____ Material supplied

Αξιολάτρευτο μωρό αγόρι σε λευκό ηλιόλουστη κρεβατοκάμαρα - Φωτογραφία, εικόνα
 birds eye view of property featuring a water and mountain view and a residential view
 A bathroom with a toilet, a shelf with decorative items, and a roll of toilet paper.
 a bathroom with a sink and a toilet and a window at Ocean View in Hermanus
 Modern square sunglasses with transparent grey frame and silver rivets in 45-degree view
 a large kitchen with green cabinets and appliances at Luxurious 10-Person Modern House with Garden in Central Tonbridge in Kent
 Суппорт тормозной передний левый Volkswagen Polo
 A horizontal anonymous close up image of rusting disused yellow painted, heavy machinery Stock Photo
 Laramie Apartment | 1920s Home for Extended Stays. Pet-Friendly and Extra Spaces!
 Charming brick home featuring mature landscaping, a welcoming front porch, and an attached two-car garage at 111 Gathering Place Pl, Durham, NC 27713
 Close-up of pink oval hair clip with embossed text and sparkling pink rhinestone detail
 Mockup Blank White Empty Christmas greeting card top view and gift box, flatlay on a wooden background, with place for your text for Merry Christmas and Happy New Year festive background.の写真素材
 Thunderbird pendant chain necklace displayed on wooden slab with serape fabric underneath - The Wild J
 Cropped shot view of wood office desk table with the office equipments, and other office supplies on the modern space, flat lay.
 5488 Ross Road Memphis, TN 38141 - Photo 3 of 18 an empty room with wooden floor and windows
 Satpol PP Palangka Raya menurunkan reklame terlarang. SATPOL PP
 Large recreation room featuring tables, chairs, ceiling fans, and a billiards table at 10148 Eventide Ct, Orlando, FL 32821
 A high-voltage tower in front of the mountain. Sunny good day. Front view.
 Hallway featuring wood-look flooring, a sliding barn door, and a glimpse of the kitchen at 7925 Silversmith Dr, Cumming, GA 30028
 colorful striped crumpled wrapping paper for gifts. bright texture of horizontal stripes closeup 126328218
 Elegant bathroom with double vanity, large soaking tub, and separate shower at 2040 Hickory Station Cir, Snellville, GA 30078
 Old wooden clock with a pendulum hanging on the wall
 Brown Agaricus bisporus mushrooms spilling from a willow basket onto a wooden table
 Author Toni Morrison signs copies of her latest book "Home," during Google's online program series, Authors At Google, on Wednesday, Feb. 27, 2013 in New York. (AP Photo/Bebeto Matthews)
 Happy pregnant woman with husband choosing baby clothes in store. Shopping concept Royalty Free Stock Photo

________

* Your objective
From the entries above, extract only the lines running from the one containing "Laramie Apartment |" through the one containing "Cropped shot view", inclusive.

* Solution to the problem
 Laramie Apartment | 1920s Home for Extended Stays. Pet-Friendly and Extra Spaces!
 Charming brick home featuring mature landscaping, a welcoming front porch, and an attached two-car garage at 111 Gathering Place Pl, Durham, NC 27713
 Close-up of pink oval hair clip with embossed text and sparkling pink rhinestone detail
 Mockup Blank White Empty Christmas greeting card top view and gift box, flatlay on a wooden background, with place for your text for Merry Christmas and Happy New Year festive background.の写真素材
 Thunderbird pendant chain necklace displayed on wooden slab with serape fabric underneath - The Wild J
 Cropped shot view of wood office desk table with the office equipments, and other office supplies on the modern space, flat lay.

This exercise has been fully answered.